- The problem
Print out the full material below, exact in every line, with no images included.

--

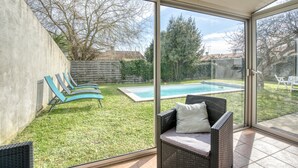 A sunlit room with a glass door leading to a backyard with a swimming pool, a grassy lawn, and a wooden fence. - Awesome home in Rochefort (Rochefort)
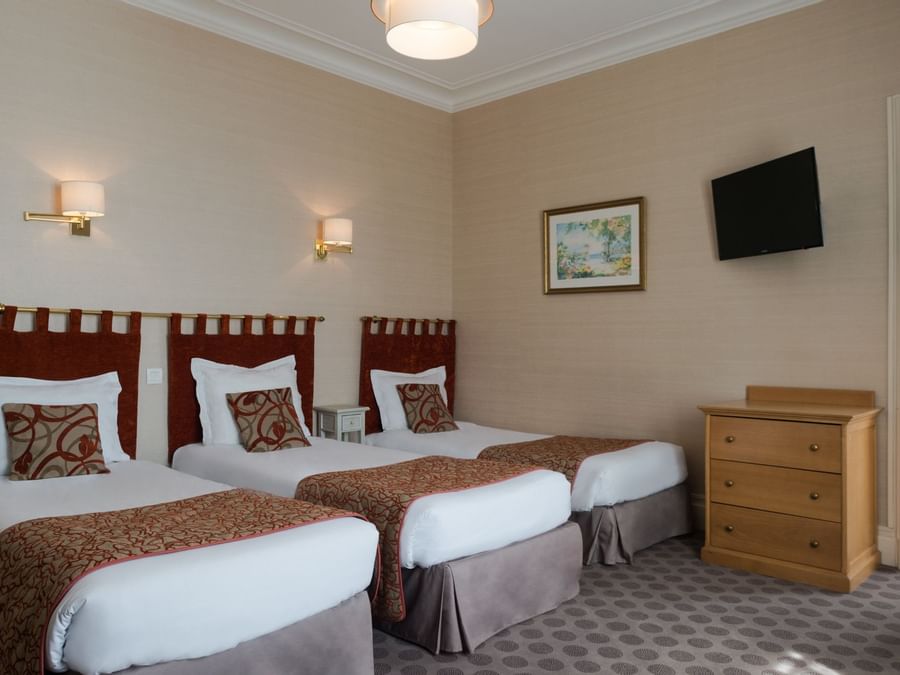 Interior of Triple Room with 3 single beds at Hotel Normandie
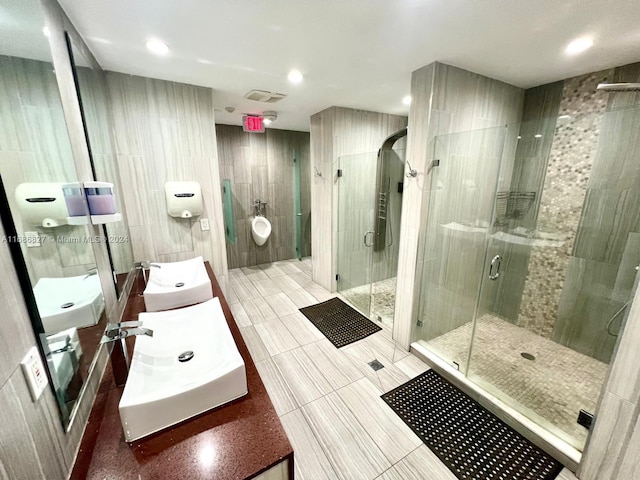 bathroom featuring tile walls, vanity, and an enclosed shower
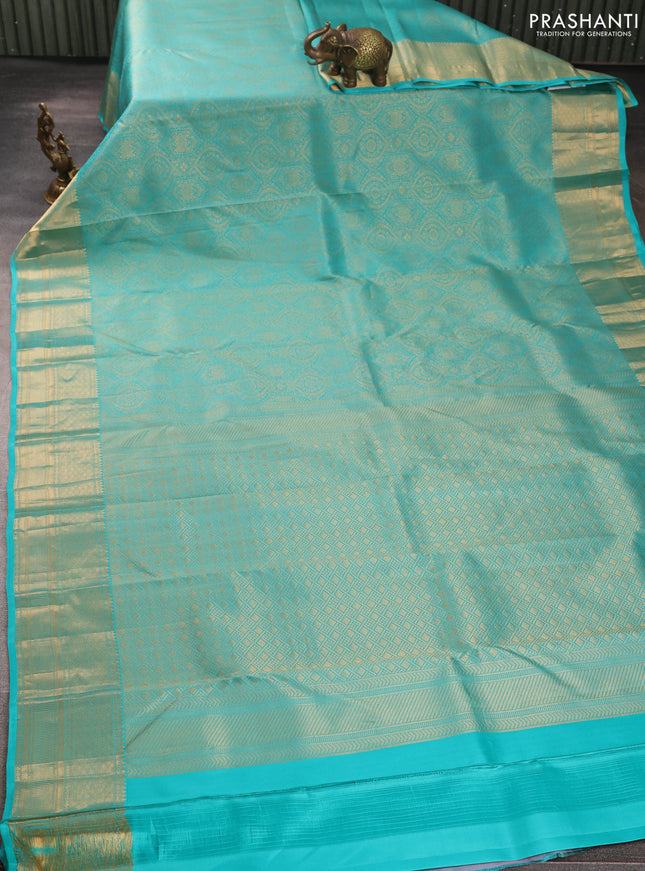 Pure kanchipuram silk saree teal blue with allover zari woven brocade weaves and rich zari woven border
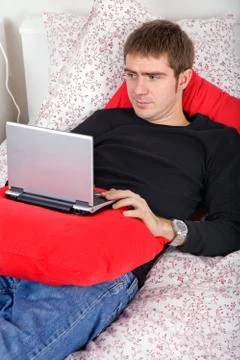 Young casual man working with computer in bed Stock Photos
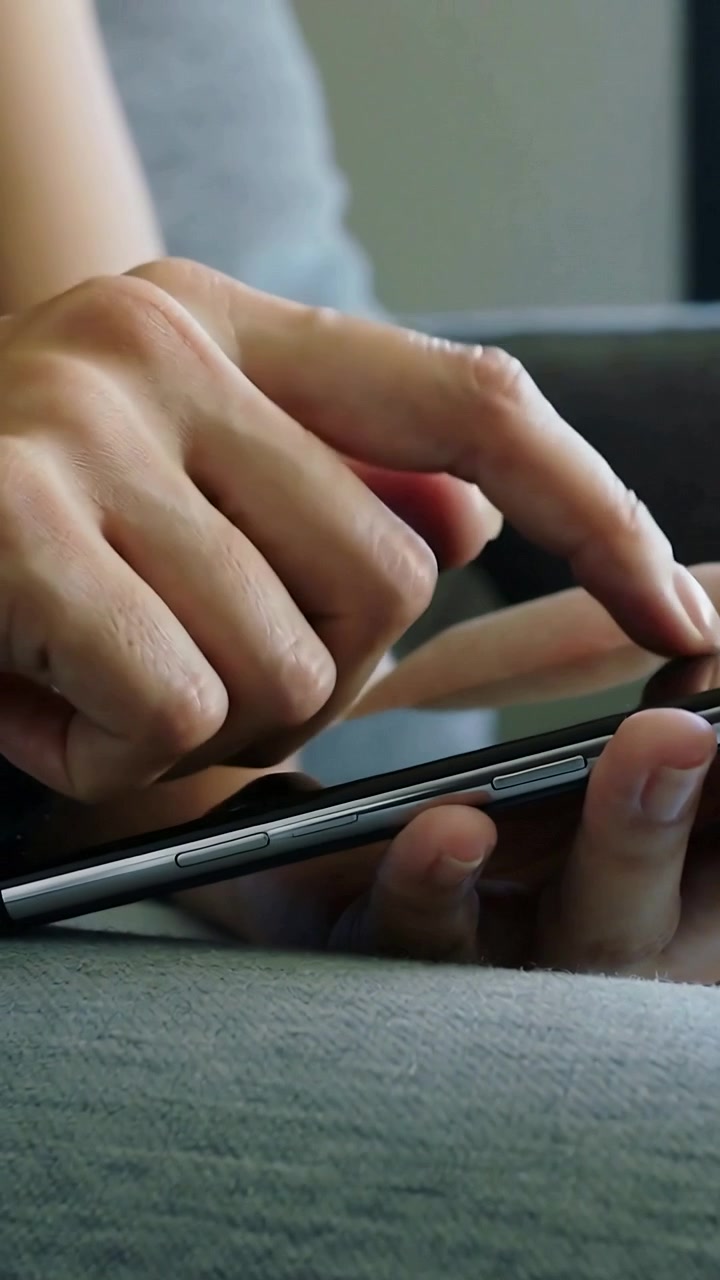 Vertikální video: Klepající ukazováček se dotýká obrazovky telefonu, ruce přejíždějí po gauči v šedém tílku.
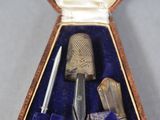a box with a pair of scissors and a thimble in it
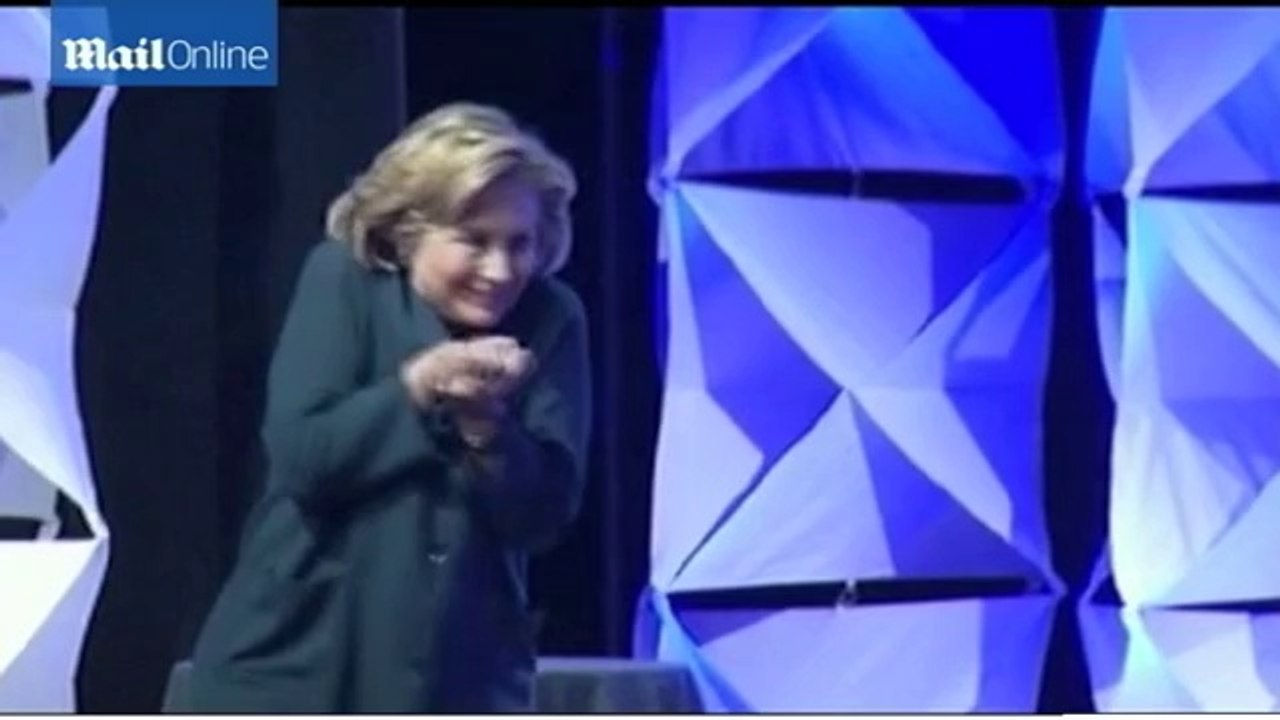 Woman throws shoe at Hillary Clinton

--

- Task solution
 A sunlit room with a glass door leading to a backyard with a swimming pool, a grassy lawn, and a wooden fence. - Awesome home in Rochefort (Rochefort)
 Interior of Triple Room with 3 single beds at Hotel Normandie
 bathroom featuring tile walls, vanity, and an enclosed shower
 Pure kanchipuram silk saree teal blue with allover zari woven brocade weaves and rich zari woven border
 Young casual man working with computer in bed Stock Photos
 Vertikální video: Klepající ukazováček se dotýká obrazovky telefonu, ruce přejíždějí po gauči v šedém tílku.
a box with a pair of scissors and a thimble in it
 Woman throws shoe at Hillary Clinton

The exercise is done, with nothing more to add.